Data shown:
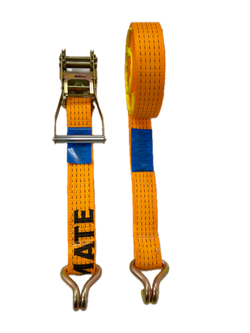 TYMATE Ratchet Tie Down 9m x 50mm LC 2500kg Double J Hooks – Orange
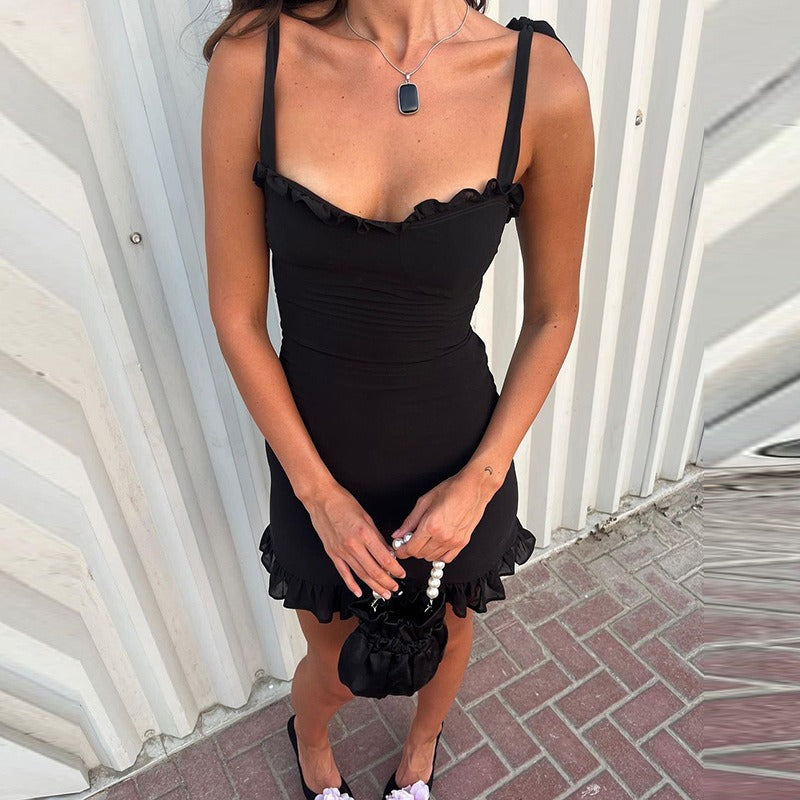 Tie Strap Ruffle Hem Mini Dress
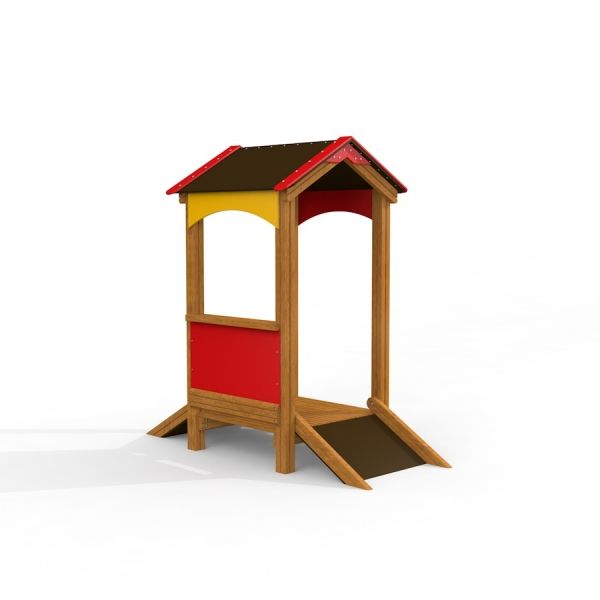 Sand Pavilion single playhouse s dřevěným rámem a barevnými panely a střechou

Task requirements:
Return the data exactly. Pictures stay out.

Completed task:
 TYMATE Ratchet Tie Down 9m x 50mm LC 2500kg Double J Hooks – Orange
 Tie Strap Ruffle Hem Mini Dress
 Sand Pavilion single playhouse s dřevěným rámem a barevnými panely a střechou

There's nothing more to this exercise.